Gut mucosal hypoperfusion is associated with a poor outcome following major surgery but the pathogenetic mechanisms remain poorly understood. We have examined the relationship between gut mucosal hypoperfusion, endotoxin core antibodies (EndoCAb), neutrophil elastase alpha-1 antitrypsin complexes (NE) and components of the contact system during elective major surgery. Of the 26 patients studied 16 developed gut mucosal hypoperfusion (pHi < 7.32) by the end of surgery; of these four developed multiple organ failure (MOF) and three subsequently died. In this group there was a significant rise in NE (P < 0.005) and significant reductions in components of the contact system (factor XII, antithrombin III, prekallikrein and C1-inhibitor; P < 0.001) from immediately before surgery to 24 h later. Ten patients maintained gut mucosal perfusion (pHi > or = 7.32); none of these developed life threatening complications. In this group there was no significant increase in NE and, although there were significant reductions in some components of the contact system (P < 0.01), levels of C1-INH were not reduced. All patients demonstrated a significant reduction in both IgG and IgM EndoCAbs (P < or = 0.005) indicating exposure to endotoxin. However, the group that maintained gut mucosal perfusion had significantly higher IgG EndoCAb levels at baseline and 24 h (P < or = 0.005). These data suggest that all patients were exposed to endotoxin and that high levels of anti-endotoxin antibodies may contribute to the prevention of endotoxin-induced contact activation, neutrophil degranulation and gut mucosal hypoperfusion occurring during major surgery and thus reduce the likelihood of the development of post-operative MOF.

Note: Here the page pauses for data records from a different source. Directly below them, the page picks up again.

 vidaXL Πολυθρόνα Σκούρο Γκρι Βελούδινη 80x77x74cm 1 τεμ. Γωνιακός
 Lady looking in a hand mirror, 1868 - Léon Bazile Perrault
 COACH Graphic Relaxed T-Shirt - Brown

肠道黏膜低灌注与大手术后的不良预后相关,但发病机制仍知之甚少。我们研究了择期大手术期间肠道黏膜低灌注、内毒素核心抗体(EndoCAb)、中性粒细胞弹性蛋白酶α1抗胰蛋白酶复合物(NE)与接触系统各成分之间的关系。在研究的26例患者中,16例在手术结束时出现肠道黏膜低灌注(pHi < 7.32);其中4例发生多器官功能衰竭(MOF),3例随后死亡。该组患者从手术前即刻到术后24小时,NE显著升高(P < 0.005),接触系统各成分(因子Ⅻ、抗凝血酶Ⅲ、前激肽释放酶和C1抑制物;P < 0.001)显著降低。10例患者维持肠道黏膜灌注(pHi≥7.32);这些患者均未发生危及生命的并发症。该组患者NE无显著升高,尽管接触系统某些成分有显著降低(P < 0.01),但C1-INH水平未降低。所有患者的IgG和IgM EndoCAbs均显著降低(P≤0.005),表明暴露于内毒素。然而,维持肠道黏膜灌注的患者组在基线和术后24小时的IgG EndoCAb水平显著更高(P≤0.005)。这些数据表明,所有患者均暴露于内毒素,高水平的抗内毒素抗体可能有助于预防大手术期间内毒素诱导的接触激活、中性粒细胞脱颗粒和肠道黏膜低灌注,从而降低术后发生MOF的可能性。